↓
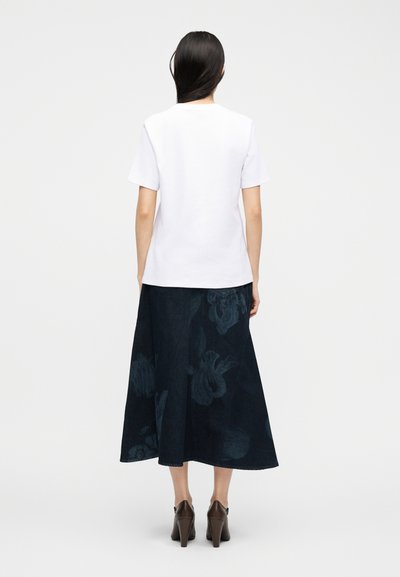 Γυναίκα με μακριά σκούρα μαλλιά που φοράει λευκό κοντομάνικο πουκάμισο, σκούρη φλοράλ μίντι φούστα και καφέ γόβες, φωτογραφημένη από πίσω.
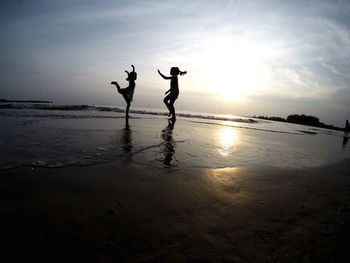 Silhouette people at beach against sky during sunset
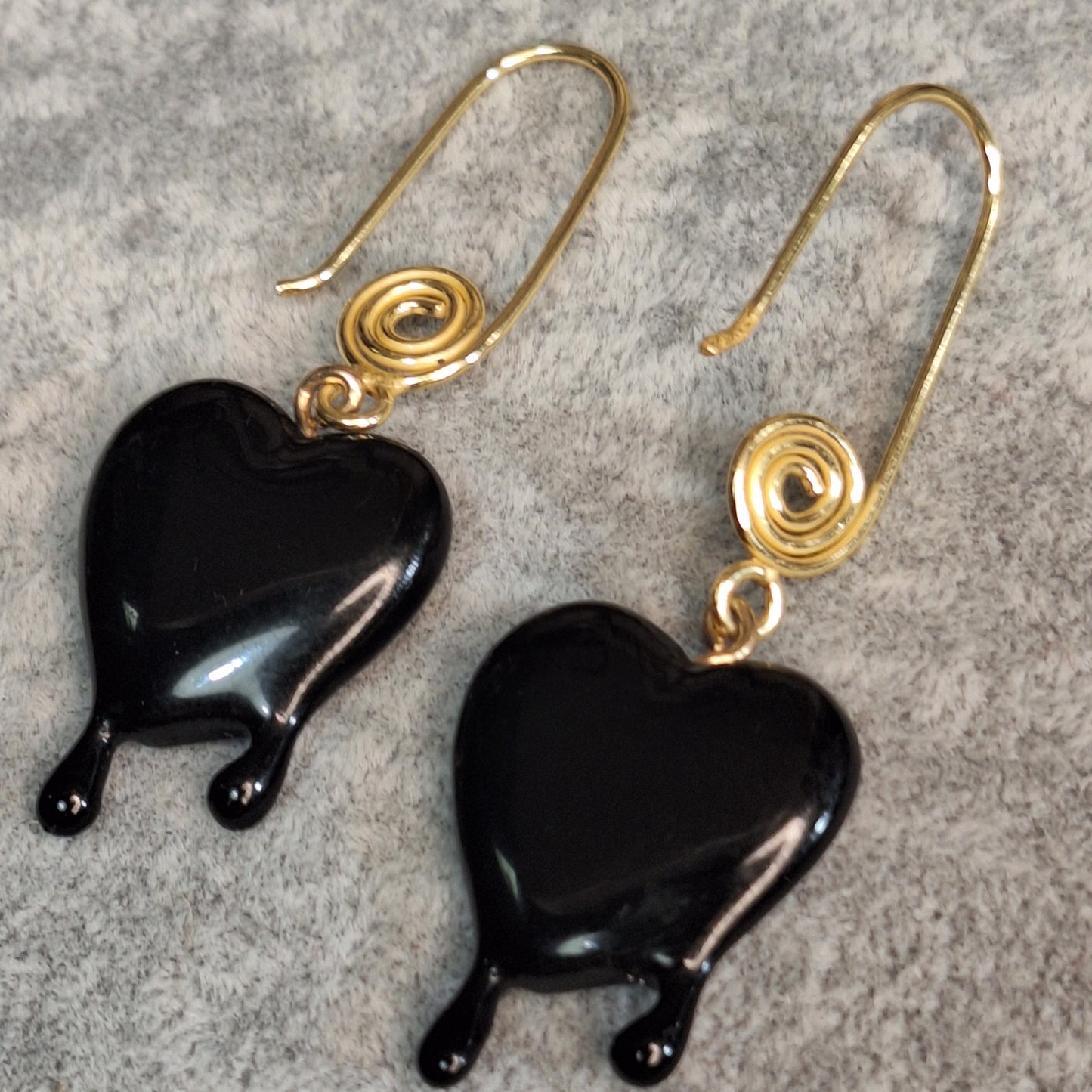Black dripping heart and gold swirl hook earrings.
↑
PROBLEM: Please reproduce only the lines from the one holding "Silhouette people at" through the final line of the listing above, both included, with each picture left out.

RESPONSE TO THE EXERCISE:
 Silhouette people at beach against sky during sunset
Black dripping heart and gold swirl hook earrings.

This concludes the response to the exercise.